Last weekend there was only one movie I wanted to see. This weekend so many movies opened at the Rialto that I had trouble deciding. Most of these are films from last year that didn't get a lot of support in their original release. But they're perfect for a semi-art house like the Rialto, which is building a reputation by catering to independent movie goers.
Mom and I went to see Tumbleweeds there this afternoon. It's about the relationship between a mother and daughter, and how they help each other grow up. Janet McTeer is wonderful as Mary Jo, an earthy but frazzled woman who can never seem to find the right man. And Kimberly J. Brown is amazing as the twelve-year-old who both learns from and teaches her mother, about life and perspective and priorities.

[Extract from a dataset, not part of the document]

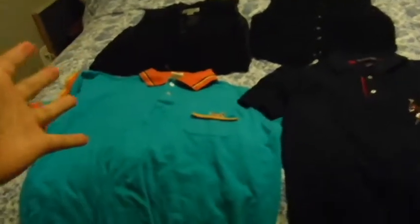All right guys, we are back at the house. Now we're going to do the recap on everything we bought. We didn't buy too much, but we bought four things — basically four clothing items for the store. These are them right here.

I think the reason I like movies that are driven by character rather than action is that I have so few people in real life that are close enough for me to feel I really know them. I'm drawn to the more intimate films where you're allowed to feel the characters' emotions with them, learn how they think and feel. It takes great writing and acting for this to work, but the reward is the kind of art that draws the audience into an artist's vision of how people relate to each other and how they cope with problems big and small.
It's an amazing gift for an actor to create sympathy and understanding for a person you wouldn't give a second glance if you saw them on the street. I'm thinking, for example, of a gritty film like Boys Don't Cry, depicting small town life far removed from my world, and how Hilary Swank breathes life into her character and makes you understand her and ache for her.

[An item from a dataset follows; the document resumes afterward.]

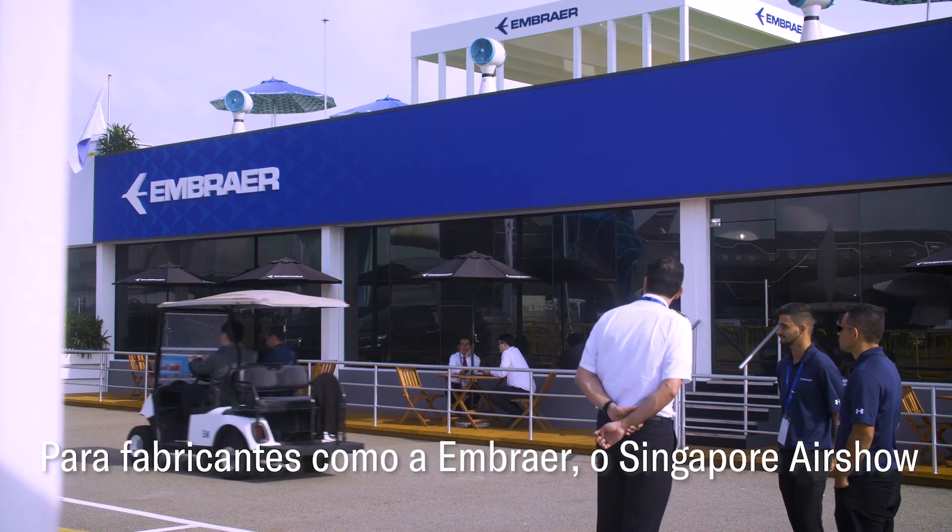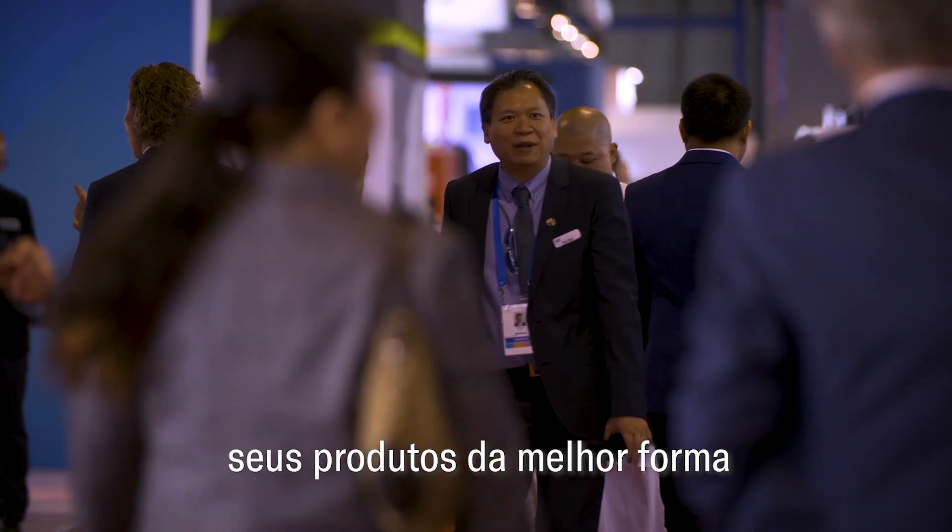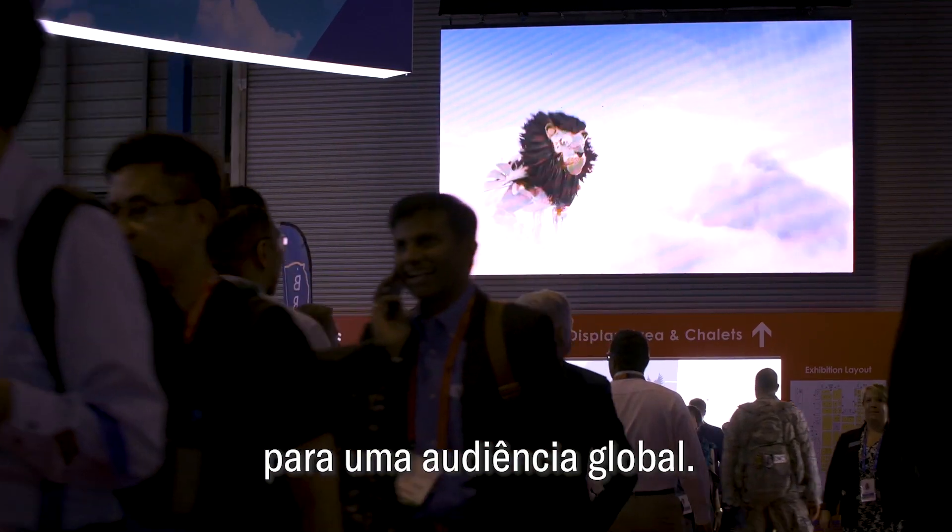For manufacturers like Embraer, the Singapore Airshow provides the perfect opportunity to show off their products in the very best light and to a global audience.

I go into a movie like this with the expectation that I'll want to be part of the lives of the characters. It's the same attraction a well crafted novel has, but it doesn't even have to be inspired literature for me to appreciate it. The plot is just the framework on which to hang a deeply hewn, complex portrait of an individual I want to spend time getting acquainted with. If I can't care about the people I'm reading about, I can't finish the book.
In real life, I'm not that easy. My expectations are low, but it's because I'm in the lead role and I can't imagine anyone watching my movie. I bring so little hope into a personal encounter because I don't want to be disappointed when the reviews come in. I'm not surprised when people walk out after the first act. I'm used to playing to an empty house.

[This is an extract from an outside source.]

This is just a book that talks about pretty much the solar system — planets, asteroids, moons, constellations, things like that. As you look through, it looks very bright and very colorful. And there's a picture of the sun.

Reading online journals is an extension of the way I approach movies and books. I get to know so many people, as much as they care to reveal, from the point of view that only living inside their own skin can impart. It's a more gradual process than a two-hour movie or a four hundred page novel, of course. You get a little bit with each entry, and if you care enough you keep coming back.
Some revelations are a writer's deliberate attempt to be understood, while others accumulate from the details. It's a cross-section of human nature that we see here, and it's a gratifying way to close the gap created by time and space and circumstance, and catch a fleeting glimpse of how it feels to shuffle around in someone else's shoes.